Two lines in the data below mark the range: the one with "diesmal nur Zuschauer" and the one with "Men’s Brown Leather". Return both, along with every line between them, exactly.

-- RECORDS SUPPLIED follows --

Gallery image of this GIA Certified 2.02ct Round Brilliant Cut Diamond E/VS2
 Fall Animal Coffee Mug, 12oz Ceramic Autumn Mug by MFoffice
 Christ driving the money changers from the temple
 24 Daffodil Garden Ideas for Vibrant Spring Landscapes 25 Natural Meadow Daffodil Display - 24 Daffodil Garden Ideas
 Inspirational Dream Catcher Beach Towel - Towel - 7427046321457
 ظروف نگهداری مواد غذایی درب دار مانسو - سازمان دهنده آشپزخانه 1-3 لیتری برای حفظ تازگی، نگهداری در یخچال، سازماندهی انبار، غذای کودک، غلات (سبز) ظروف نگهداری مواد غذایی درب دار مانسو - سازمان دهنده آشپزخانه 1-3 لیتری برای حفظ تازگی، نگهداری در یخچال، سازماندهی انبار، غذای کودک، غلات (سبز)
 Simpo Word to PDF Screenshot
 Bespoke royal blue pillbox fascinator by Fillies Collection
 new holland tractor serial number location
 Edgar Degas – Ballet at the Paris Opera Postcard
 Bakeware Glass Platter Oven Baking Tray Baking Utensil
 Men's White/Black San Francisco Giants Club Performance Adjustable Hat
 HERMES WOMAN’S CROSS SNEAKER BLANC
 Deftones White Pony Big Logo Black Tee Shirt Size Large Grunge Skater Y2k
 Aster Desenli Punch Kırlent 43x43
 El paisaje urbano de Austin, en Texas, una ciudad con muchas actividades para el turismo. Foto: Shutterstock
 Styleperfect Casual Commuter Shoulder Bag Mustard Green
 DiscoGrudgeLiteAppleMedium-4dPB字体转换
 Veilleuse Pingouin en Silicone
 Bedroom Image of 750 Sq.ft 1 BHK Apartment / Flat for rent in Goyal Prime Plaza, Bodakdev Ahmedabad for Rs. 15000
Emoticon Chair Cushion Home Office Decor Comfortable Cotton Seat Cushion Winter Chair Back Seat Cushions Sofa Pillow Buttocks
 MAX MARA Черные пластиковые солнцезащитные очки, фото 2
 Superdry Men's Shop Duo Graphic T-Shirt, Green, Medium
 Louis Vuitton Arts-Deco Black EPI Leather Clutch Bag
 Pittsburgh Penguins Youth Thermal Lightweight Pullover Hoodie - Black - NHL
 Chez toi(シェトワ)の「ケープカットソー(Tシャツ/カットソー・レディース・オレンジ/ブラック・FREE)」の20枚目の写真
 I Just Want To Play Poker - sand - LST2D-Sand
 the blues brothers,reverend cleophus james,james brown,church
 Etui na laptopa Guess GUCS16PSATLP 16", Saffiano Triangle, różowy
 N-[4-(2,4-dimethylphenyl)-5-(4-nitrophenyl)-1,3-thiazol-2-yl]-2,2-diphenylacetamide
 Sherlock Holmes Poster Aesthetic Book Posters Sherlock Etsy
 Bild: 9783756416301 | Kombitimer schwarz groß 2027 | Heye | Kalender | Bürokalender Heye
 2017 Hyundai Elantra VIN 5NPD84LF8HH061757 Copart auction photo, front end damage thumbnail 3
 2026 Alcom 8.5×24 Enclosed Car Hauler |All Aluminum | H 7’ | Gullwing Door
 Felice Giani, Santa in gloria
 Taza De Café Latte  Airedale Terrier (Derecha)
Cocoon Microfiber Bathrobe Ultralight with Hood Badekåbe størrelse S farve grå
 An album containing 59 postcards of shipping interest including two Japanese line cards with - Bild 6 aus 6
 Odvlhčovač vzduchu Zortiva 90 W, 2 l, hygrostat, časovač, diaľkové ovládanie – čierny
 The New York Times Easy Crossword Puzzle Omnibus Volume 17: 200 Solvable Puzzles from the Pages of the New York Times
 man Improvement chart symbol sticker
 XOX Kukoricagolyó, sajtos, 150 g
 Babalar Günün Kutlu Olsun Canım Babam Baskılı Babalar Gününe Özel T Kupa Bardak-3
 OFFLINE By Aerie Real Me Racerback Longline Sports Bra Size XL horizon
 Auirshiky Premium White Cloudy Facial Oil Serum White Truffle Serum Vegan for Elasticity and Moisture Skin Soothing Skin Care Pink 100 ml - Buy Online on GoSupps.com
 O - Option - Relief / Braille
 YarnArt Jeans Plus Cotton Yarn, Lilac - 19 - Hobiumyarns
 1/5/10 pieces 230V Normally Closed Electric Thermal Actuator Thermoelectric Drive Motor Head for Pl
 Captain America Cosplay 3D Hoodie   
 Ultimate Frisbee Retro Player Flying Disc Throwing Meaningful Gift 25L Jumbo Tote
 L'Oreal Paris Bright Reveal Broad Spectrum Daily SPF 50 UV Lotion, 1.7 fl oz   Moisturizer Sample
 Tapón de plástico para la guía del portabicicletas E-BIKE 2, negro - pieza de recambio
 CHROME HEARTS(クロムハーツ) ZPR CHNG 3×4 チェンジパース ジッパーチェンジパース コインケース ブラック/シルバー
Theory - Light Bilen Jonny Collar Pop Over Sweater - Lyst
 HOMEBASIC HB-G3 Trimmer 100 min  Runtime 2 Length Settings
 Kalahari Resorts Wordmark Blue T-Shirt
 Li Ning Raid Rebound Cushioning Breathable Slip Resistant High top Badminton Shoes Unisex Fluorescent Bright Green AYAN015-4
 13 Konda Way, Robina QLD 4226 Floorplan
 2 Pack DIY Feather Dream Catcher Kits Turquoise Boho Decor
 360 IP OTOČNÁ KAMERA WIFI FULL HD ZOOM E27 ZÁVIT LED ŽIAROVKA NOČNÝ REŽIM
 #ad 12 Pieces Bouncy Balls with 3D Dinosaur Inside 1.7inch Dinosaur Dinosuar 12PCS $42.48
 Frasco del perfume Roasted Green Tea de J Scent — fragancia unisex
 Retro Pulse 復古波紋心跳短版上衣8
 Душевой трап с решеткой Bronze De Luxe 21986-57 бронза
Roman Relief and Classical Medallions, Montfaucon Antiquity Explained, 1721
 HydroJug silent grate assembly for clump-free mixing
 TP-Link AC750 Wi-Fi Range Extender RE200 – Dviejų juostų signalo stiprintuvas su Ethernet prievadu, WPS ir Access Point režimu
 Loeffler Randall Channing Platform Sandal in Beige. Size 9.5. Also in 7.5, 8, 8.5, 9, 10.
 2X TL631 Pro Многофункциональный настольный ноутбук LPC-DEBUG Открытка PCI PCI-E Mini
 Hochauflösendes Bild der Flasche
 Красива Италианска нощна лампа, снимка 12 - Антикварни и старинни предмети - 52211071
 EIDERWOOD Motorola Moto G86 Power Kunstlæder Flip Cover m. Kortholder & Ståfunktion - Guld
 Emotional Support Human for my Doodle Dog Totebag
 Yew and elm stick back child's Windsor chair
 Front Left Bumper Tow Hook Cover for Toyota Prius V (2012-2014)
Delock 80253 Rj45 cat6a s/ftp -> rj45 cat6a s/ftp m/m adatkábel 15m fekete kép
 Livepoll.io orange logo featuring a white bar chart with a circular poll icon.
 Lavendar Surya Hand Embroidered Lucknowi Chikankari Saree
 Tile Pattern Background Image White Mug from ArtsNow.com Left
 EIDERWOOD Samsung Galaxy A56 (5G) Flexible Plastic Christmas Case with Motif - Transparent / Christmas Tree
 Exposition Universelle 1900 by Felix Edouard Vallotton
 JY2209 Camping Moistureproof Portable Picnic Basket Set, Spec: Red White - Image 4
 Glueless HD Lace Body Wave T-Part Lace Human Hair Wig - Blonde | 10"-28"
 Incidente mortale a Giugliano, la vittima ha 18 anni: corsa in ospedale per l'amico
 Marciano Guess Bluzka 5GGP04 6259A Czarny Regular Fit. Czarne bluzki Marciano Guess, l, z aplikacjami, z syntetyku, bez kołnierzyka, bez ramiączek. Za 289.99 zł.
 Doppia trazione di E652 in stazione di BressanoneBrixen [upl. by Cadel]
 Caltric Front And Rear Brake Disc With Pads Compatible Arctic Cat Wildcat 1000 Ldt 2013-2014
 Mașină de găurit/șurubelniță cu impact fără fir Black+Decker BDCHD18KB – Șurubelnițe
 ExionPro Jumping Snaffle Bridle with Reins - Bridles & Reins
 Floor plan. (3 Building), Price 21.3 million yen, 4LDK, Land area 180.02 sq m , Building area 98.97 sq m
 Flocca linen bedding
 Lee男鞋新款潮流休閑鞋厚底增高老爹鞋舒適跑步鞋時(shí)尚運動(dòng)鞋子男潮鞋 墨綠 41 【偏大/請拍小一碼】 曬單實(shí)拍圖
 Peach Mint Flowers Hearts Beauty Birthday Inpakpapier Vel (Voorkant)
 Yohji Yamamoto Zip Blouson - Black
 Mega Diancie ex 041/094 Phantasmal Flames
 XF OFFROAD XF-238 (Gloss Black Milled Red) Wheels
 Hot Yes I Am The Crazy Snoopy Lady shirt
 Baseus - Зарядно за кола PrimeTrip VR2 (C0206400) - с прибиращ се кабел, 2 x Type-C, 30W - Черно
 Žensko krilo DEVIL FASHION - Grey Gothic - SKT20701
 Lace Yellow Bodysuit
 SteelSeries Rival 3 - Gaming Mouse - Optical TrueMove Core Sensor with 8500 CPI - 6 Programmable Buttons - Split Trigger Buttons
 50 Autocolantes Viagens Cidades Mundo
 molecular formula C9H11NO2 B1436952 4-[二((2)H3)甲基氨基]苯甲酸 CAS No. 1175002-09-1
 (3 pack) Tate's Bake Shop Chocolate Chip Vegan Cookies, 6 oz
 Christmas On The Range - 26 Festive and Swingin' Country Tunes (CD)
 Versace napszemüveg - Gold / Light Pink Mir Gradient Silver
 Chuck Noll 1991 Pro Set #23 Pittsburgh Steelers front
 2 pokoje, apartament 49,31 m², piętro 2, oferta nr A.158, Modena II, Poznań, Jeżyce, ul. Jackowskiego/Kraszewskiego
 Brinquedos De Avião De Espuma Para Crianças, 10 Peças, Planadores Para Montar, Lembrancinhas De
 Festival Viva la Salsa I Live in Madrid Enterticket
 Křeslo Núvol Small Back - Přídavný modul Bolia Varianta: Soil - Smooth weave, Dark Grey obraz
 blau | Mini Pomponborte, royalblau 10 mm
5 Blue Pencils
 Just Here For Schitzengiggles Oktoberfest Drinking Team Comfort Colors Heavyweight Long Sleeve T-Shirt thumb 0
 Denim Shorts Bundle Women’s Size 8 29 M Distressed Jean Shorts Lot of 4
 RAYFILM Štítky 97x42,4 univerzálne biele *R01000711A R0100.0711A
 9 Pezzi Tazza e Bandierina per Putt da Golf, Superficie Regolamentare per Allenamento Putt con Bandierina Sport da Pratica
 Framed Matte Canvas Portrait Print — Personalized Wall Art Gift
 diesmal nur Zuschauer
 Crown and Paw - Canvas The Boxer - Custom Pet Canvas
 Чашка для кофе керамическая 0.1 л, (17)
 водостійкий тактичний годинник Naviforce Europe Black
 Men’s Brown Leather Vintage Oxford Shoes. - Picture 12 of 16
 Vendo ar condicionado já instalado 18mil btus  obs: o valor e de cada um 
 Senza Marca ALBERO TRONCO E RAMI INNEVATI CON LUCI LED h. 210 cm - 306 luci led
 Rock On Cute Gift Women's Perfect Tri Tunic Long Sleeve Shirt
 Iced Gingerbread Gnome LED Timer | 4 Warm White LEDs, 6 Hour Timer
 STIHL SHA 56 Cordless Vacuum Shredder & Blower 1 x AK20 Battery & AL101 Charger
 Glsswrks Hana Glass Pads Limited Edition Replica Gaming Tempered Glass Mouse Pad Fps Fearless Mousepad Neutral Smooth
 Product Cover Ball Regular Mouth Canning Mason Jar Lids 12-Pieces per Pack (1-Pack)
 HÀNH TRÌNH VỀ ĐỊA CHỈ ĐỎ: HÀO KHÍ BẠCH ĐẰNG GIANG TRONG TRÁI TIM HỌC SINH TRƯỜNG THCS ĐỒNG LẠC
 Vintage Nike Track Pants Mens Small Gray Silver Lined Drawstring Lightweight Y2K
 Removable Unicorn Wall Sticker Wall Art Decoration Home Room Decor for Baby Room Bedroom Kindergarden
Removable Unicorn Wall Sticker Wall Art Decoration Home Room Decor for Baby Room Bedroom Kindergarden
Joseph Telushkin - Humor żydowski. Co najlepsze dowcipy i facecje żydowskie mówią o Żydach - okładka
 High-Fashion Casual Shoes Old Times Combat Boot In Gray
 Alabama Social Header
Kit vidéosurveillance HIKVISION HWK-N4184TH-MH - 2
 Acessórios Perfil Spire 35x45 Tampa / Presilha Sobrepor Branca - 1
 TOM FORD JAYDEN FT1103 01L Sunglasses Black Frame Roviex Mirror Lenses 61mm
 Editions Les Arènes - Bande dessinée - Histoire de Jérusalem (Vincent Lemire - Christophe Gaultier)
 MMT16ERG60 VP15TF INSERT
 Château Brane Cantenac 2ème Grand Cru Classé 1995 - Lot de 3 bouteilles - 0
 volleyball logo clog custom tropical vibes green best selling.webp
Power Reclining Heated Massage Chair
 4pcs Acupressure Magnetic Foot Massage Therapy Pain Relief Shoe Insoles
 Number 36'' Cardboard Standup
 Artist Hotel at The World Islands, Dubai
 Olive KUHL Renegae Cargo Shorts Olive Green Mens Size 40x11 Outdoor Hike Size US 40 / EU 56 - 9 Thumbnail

-- RECORDS SUPPLIED concluded --

• _WRITTEN ANSWER_:
 diesmal nur Zuschauer
 Crown and Paw - Canvas The Boxer - Custom Pet Canvas
 Чашка для кофе керамическая 0.1 л, (17)
 водостійкий тактичний годинник Naviforce Europe Black
 Men’s Brown Leather Vintage Oxford Shoes. - Picture 12 of 16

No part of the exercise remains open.